Mozart's "Ave Verum Corpus," which the Master Chorale of Washington sang toward the beginning of its concert at the Kennedy Center Concert Hall yesterday afternoon, is three minutes of musical perfection. Moreover, as if to shame those composers, before and since, who have made a fetish of bigness and complexity, the perfection of the "Ave Verum Corpus" is as simple, direct and sweetly humble as a child's prayer, without an extraneous or virtuosic gesture.
Indeed, this is a work that can be sight-read by any chorus, played by any amateur string quartet, even fumbled through haltingly by a first-year pianist, and it will still, inevitably, bring a lump to the throat and a welling to the eyes. It is music of absolute clarity and serenity, neither loud nor soft, presenting no technical difficulties whatsoever to those who would take it on.
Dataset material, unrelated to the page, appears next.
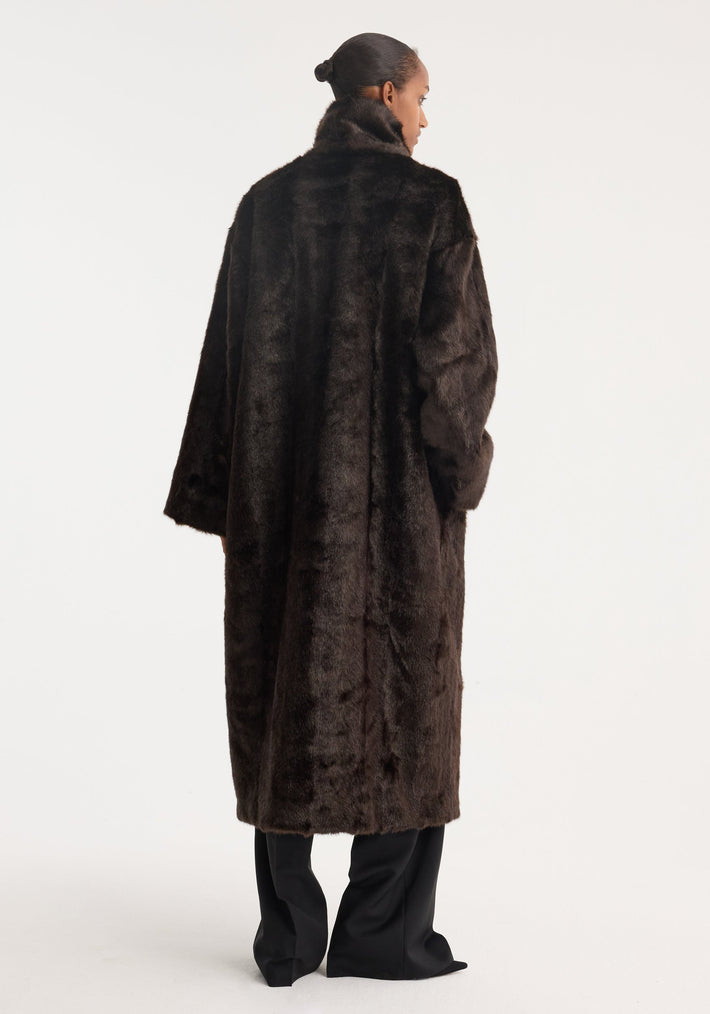 Model wearing a Mandarin faux fur coat in dark brown, featuring mandarin closures and stand-up collar, with black trousers, viewed from the back.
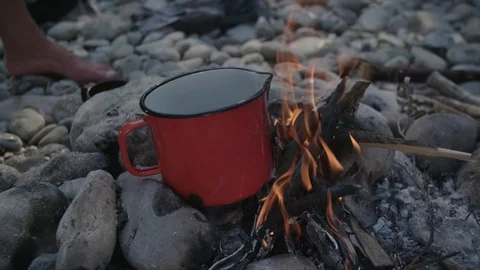 Cooking on small campfire Stockbeeldmateriaal 90039303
But distilling such simplicity is never an easy task for a creative artist, and only the best of them can carry it off. Remember the philosopher Pascal's remark that he had no time to write a short letter and so he had written a long one? In the "Ave Verum Corpus," Mozart found time to write posterity a short letter -- then wrote with all his heart.
The Master Chorale program began with a "Te Deum" dating from Mozart's 13th year. Not surprisingly, the composer was still learning his craft at that tender age, and this particular work seems to have been fashioned after a similar piece by Michael Haydn, a good model. Under the direction of Donald McCullough, it received a crisp, vigorous performance -- all organ, brass, timpani and joyful hymning.
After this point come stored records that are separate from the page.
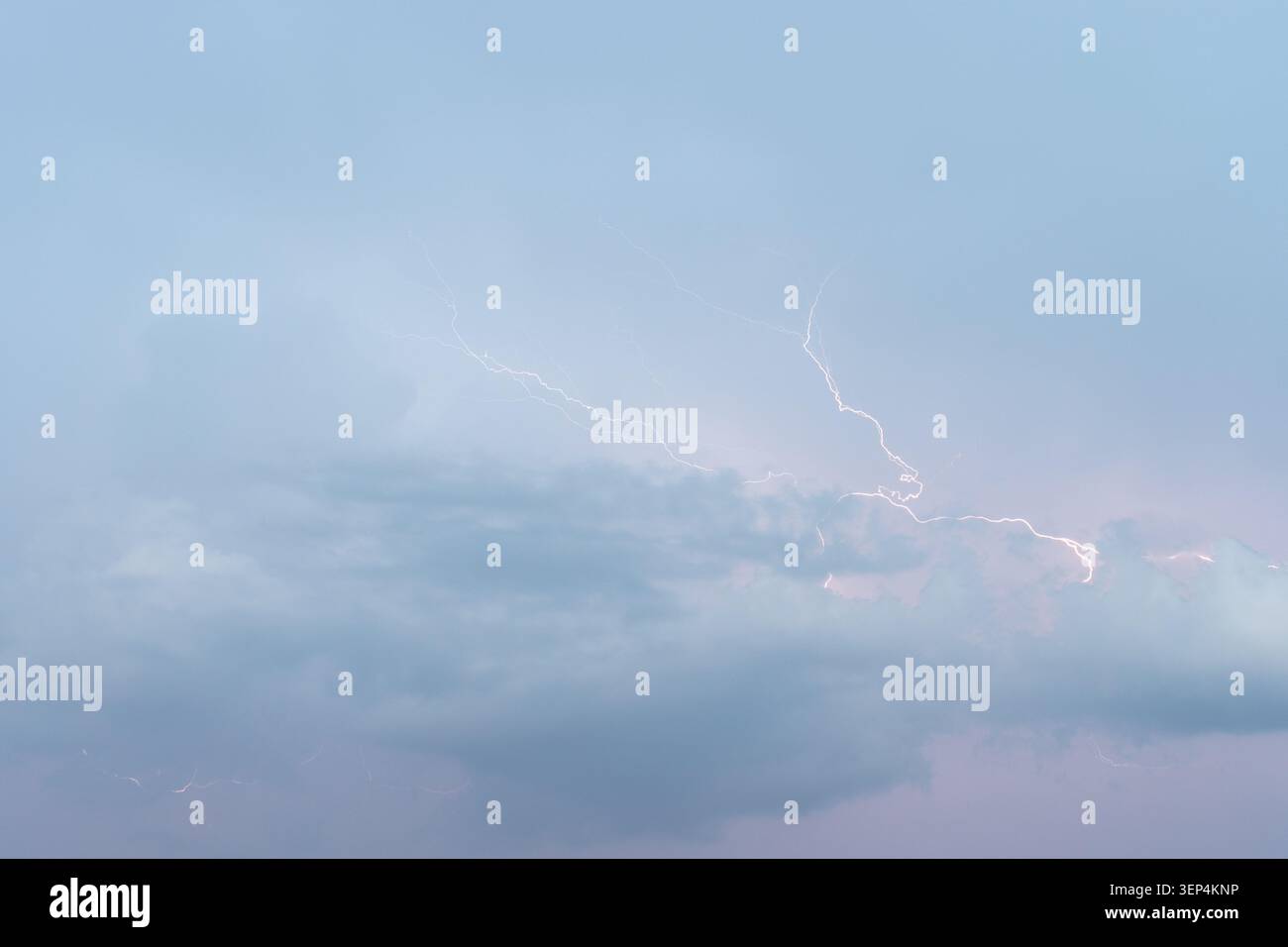 Ein beeindruckendes Bild, das einen starken Blitz aufnimmt, der die dunklen, stürmischen Wolken vor einem blassblauen und violetten Abendhimmel beleuchtet und das R zeigt Stockfoto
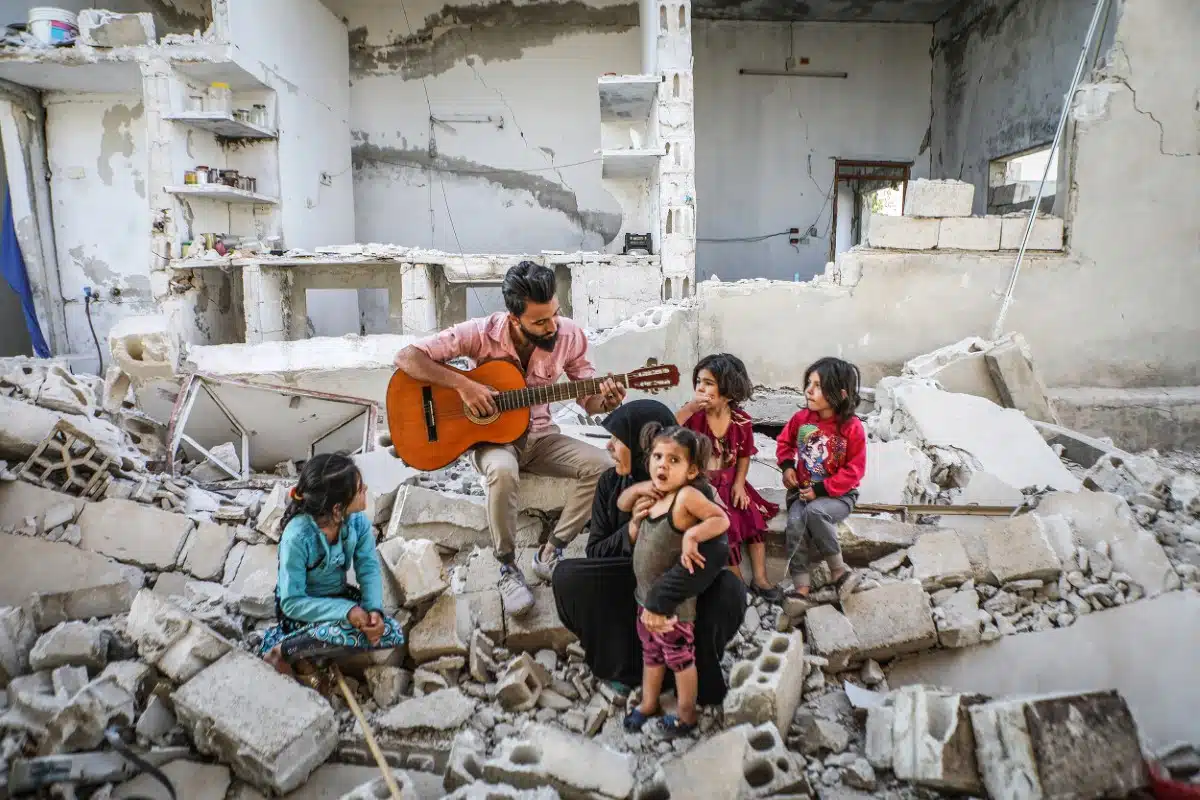 Syrian family sitting in rubble playing the guitar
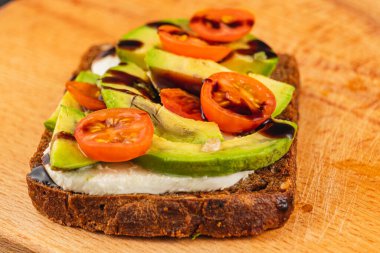 Taze hazırlanmış avokado tostu, olgun avokado dilimleri, vişneli domatesler ve balzamik jöleli bir çiseleme içeren ahşap bir tahtaya kaplanmış. Kahvaltı ya da hafif atıştırmalık için mükemmel..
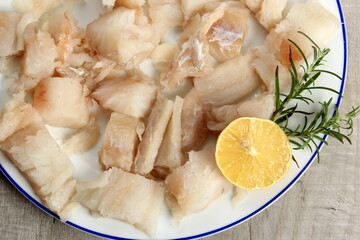 Pieced of sea fish filet on a white plate decorated with lemon and rosemary, white raw fish on a plate, gray wooden background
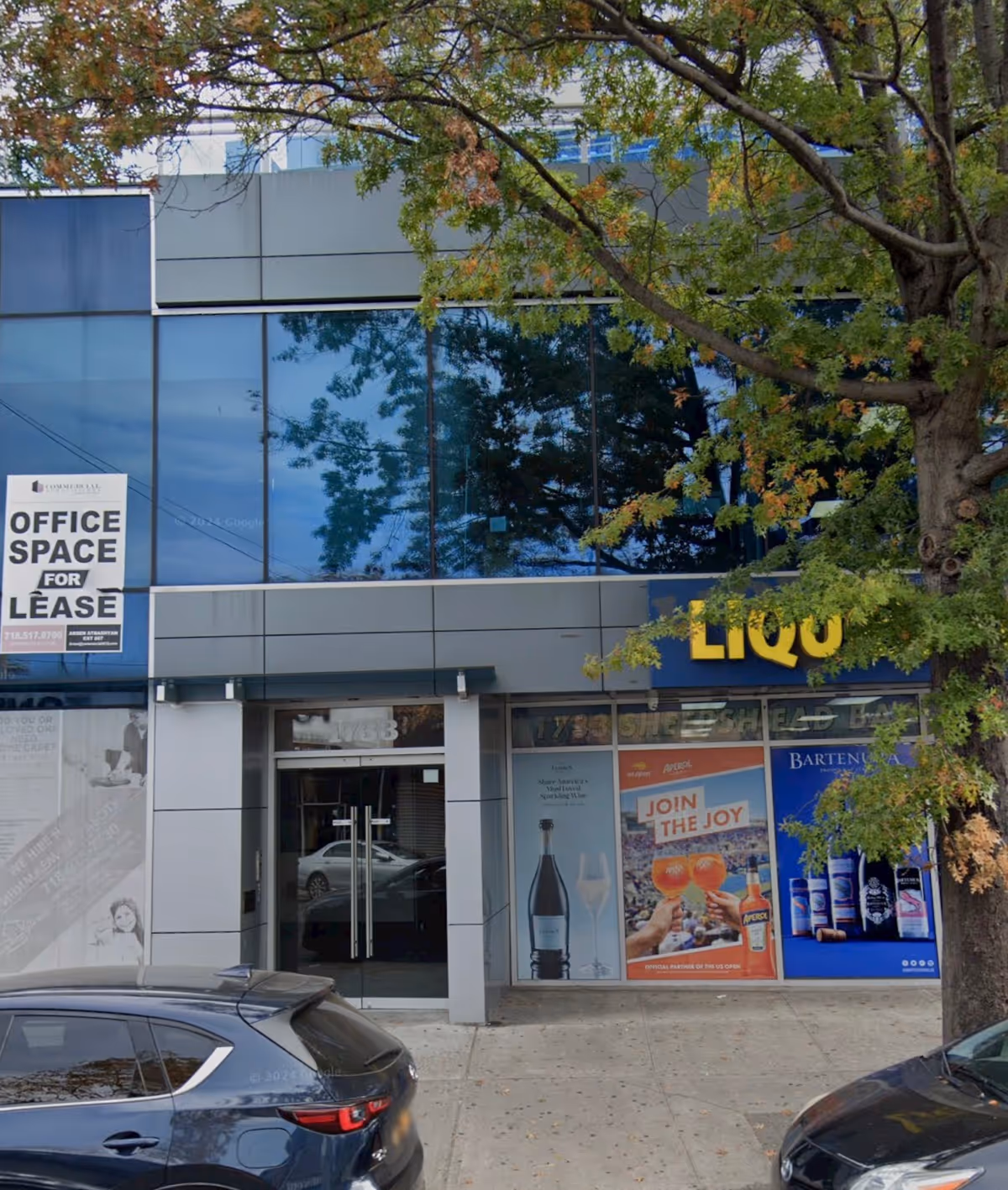 Modern glass-front building with large windows, a partial LIQU sign, and parked cars.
Mozart's great, problematic "Requiem," which was left unfinished on his death in 1791, closed the afternoon. McCullough elected to perform a 1993 reconstruction by the musicologist Robert D. Levin in lieu of the familiar -- and notoriously corrupt -- "completion" by Mozart's student F.X. Sussmayr that has been the standard for more than two centuries.
Some of the worst of Sussmayr's vulgarities -- the stupefyingly banal, quasi-rockabilly triplets in the accompaniment of the "Sanctus," for example -- are blessedly removed, and there are some impressive new fugal passages. Still, nobody can match up to Mozart, and there can be no doubt that the "Requiem" slides downhill after the great cry of "Homo reus" in the "Lacrymosa," traditionally said to be the last music the composer ever wrote.
Unfortunately, the performance was stronger on passion than it was on polish. The chorus sang out mightily much of the time, and details were too often lost in an undifferentiated loudness. One had the sense that the singers' splendid urgency could have been directed toward a more coherent objective, that Mozart's melodies could have been molded and shaped with greater subtlety and dynamic contrast. (Curiously enough, the orchestra seemed much more responsive to McCullough's direction than did the singers, an unusual state of affairs at a choral concert.)
The soloists were mostly admirable. Baritone Grant Youngblood, with his calibrated breath control in the taxing opening line of the "Tuba mirum," made an especially strong impression. Mezzo-soprano Victoria Livengood's biography in the program booklet mentioned that she has won acclaim for her roles as Bizet's Carmen and Saint-Saens's Dalila; rarely has Mozart's religious music sounded so fiercely sultry. Matthew Chellis brought a bright throb to the tenor solos, while soprano Cheryl Evans handled her passages with unusual fervor.
All in all, it was a joy to hear this music -- but there is more in it than was let on yesterday afternoon.